Published: Monday, Aug. 27 2012 10:59 p.m. MDT

A thirst for yield on the part of institutional investors and individuals, along with relatively strong corporate balance sheets, has contributed to the year to date positive performance of lower quality bonds. Sometimes called junk bonds or high yield bonds, these lower credit quality debt instruments have returned just over 10 percent so far this year.

As reported for the Bank of America U.S. High Yield — Cash Pay Index, the current yield on this junk bond index is about 6.7 percent. This yield represents an increase in rate of over 5.75 percent above a comparable maturity U.S. Treasury bond. An incremental yield of 5.75 percent above the assumed risk free rate indicates a material amount of risk and concern about the ability of the underlying companies to make all the contractual interest payments and ultimately return the principal at maturity of the bonds.

As measured by the Dow Jones Industrial Average, U.S. stocks have returned a little under 9 percent thus far in 2012. The Dow index is made up of 30 higher quality stocks and is often used as the barometer of overall equity performance.
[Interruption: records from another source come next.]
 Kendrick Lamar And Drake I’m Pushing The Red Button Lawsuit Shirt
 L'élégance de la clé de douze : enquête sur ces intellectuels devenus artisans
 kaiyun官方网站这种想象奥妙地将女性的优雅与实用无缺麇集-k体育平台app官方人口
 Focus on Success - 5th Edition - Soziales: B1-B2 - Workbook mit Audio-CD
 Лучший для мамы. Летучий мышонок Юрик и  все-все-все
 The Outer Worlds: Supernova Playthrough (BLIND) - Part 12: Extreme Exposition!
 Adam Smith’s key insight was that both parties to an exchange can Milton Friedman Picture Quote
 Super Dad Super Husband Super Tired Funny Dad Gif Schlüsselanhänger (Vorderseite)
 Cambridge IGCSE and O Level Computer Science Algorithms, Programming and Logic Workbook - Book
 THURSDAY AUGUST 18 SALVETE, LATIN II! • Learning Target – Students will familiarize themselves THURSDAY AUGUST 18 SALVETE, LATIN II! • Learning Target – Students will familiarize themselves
A bond index representing the broad, generally investment grade, bond market has returned about 3.5 percent year to date. This index includes U.S. Treasury securities, investment grade corporate bonds and residential mortgage backed securities primarily guaranteed by one of the U.S. government sponsored housing entities. The current yield on this broad bond market index is currently just over 1.6 percent.
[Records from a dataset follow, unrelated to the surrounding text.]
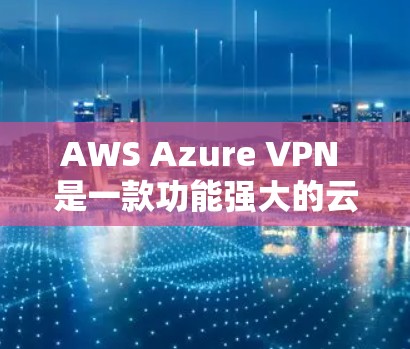 AWS Azure VPN 是一款功能强大的云安全性解决方案，适用于企业级数据传输需求。以下是对 AWS Azure VPN 的详细分步指南，帮助企业选择适合的 VPN 服务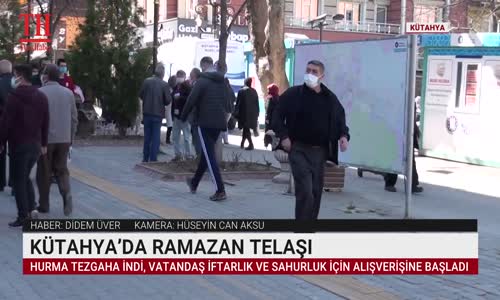 KÜTAHYA’DA RAMAZAN TELAŞI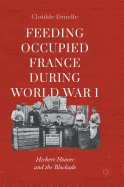 Feeding Occupied France During World War I: Herbert Hoover and the Blockade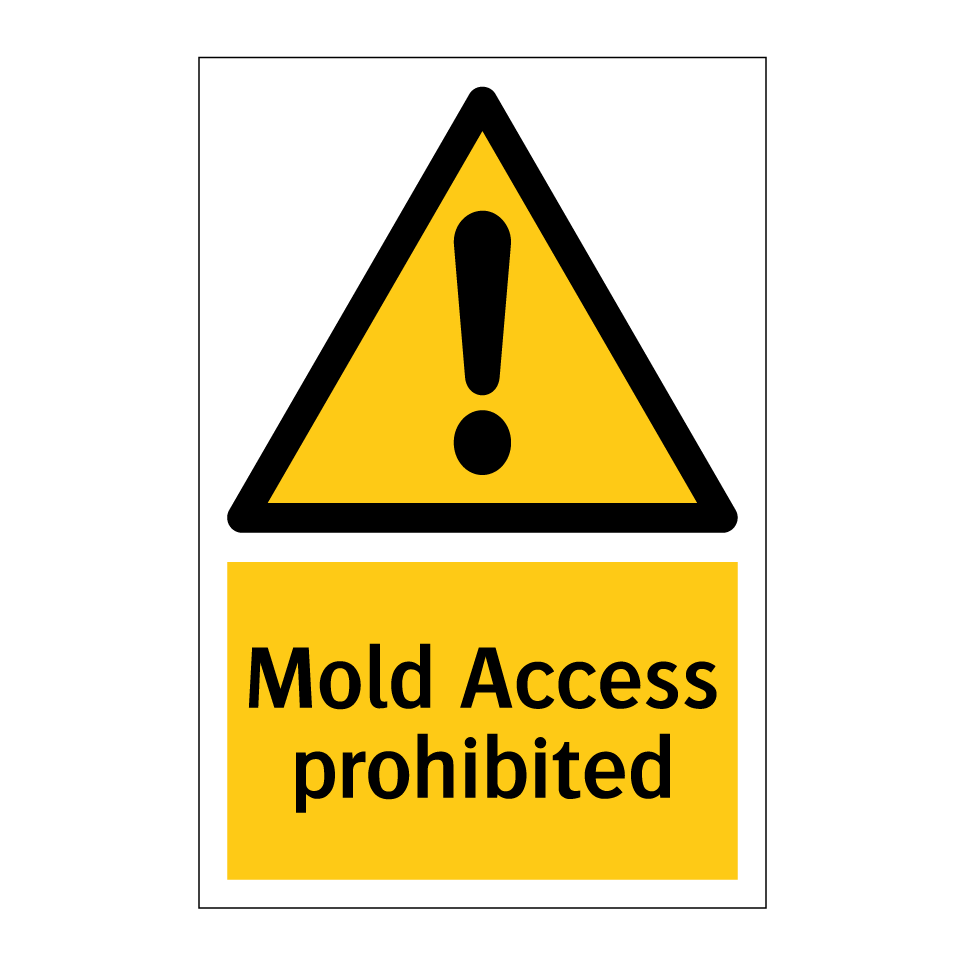 Mold Access prohibited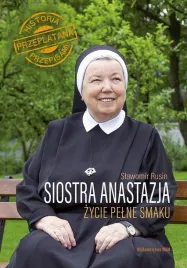 siostra-anastazja-zycie-pelne-smaku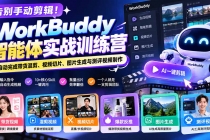 (20740期)告别手动剪辑!WorkBuddy智能体实战训练营:AI自动完成带货混剪、视频切片、图片生成与测评视频制作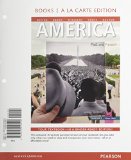 America Past and Present, Volume 2, Books a la Carte Edition 10th 9780205910090 Front Cover
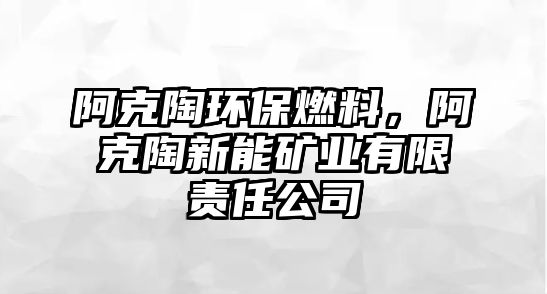 阿克陶環(huán)保燃料，阿克陶新能礦業(yè)有限責(zé)任公司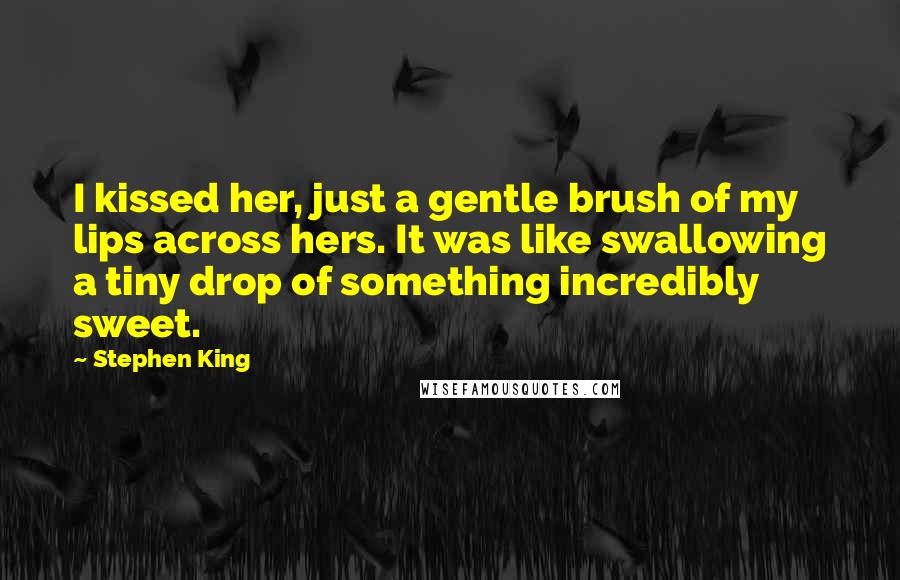 Stephen King Quotes: I kissed her, just a gentle brush of my lips across hers. It was like swallowing a tiny drop of something incredibly sweet.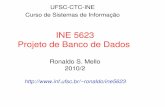 INE 5623 Projeto de Banco de Dados - inf.ufsc.brr.mello/ine5623/1-Introducao.pdf · – aplicado em casos onde existem fontes de dados ou sistemas informatizados (legados) sem BD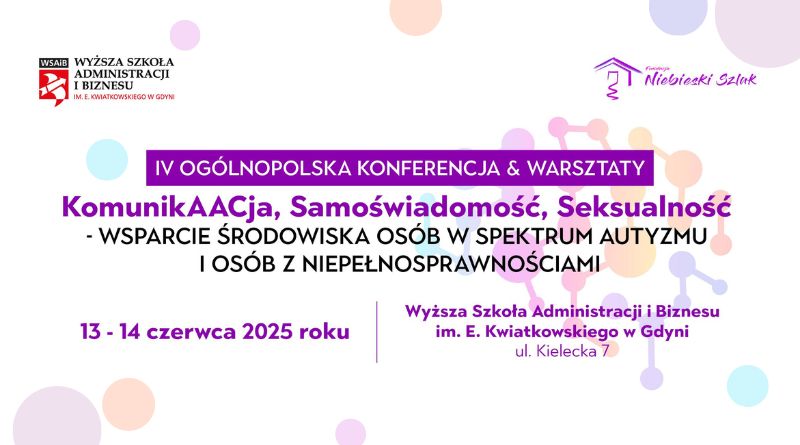 IV Ogólnopolska Konferencja „KomunikAACja, samoświadomość, seksualność” | Gdynia, 13-14.06.2025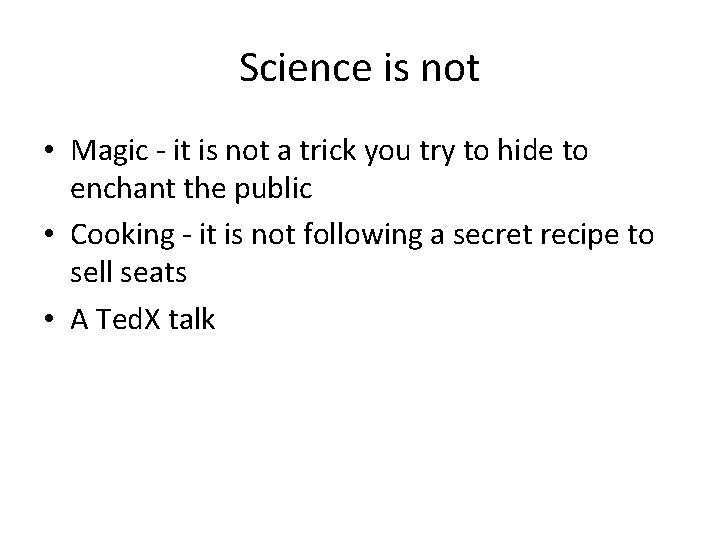 Science is not • Magic - it is not a trick you try to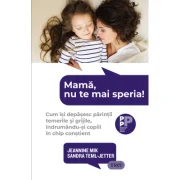 Mama, nu te mai speria! - Jeannine Mik, Sandra Teml-Jetter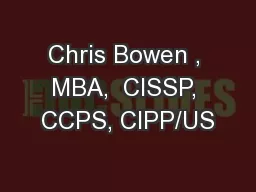 Chris Bowen , MBA,  CISSP, CCPS, CIPP/US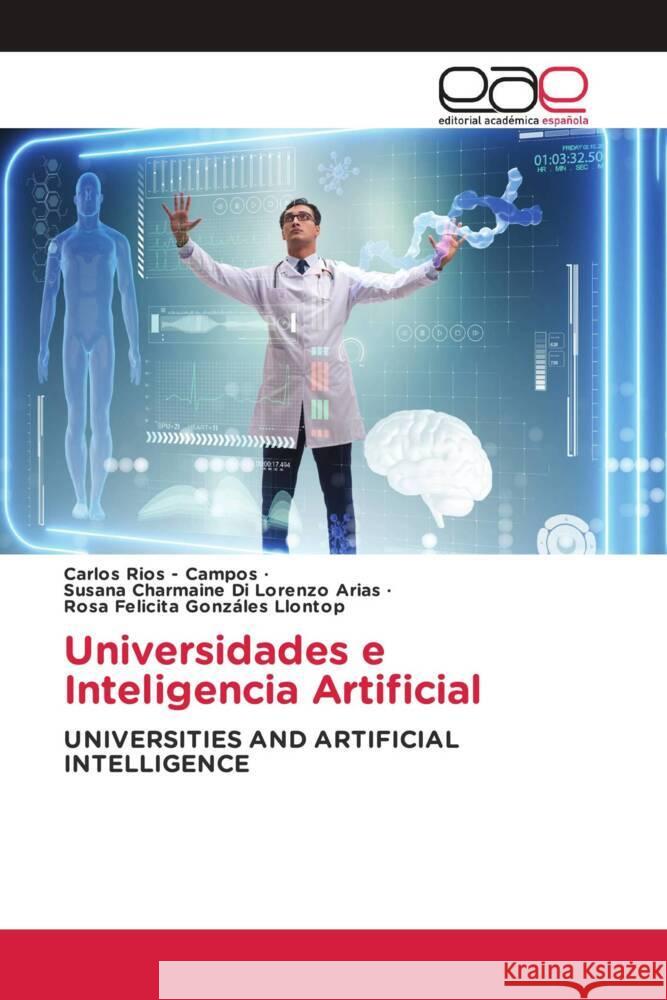 Universidades e Inteligencia Artificial Rios - Campos, Carlos, Di Lorenzo Arias, Susana Charmaine, Gonzáles Llontop, Rosa Felicita 9786200031907 Editorial Académica Española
As is commonly noted in the investment world, past performance is no guarantee of future performance. Some of the market and economic fundamentals driving the relative out performance of this high yield index are unlikely to continue indefinitely. Interest rates have generally decreased which has resulted in some of the price appreciation. Also, relatively strong corporate balance sheets and fairly stable earnings have caused investors to remain comfortable with the general default risk in these bonds. And of course, a wide ranging search for yield has resulted in the prices of these bonds being bid higher. Fundamental changes in one or more of these value drivers could result in relative underperformance of high yield bonds.

Kirby Brown is the CEO of Beneficial Financial Group in Salt Lake City.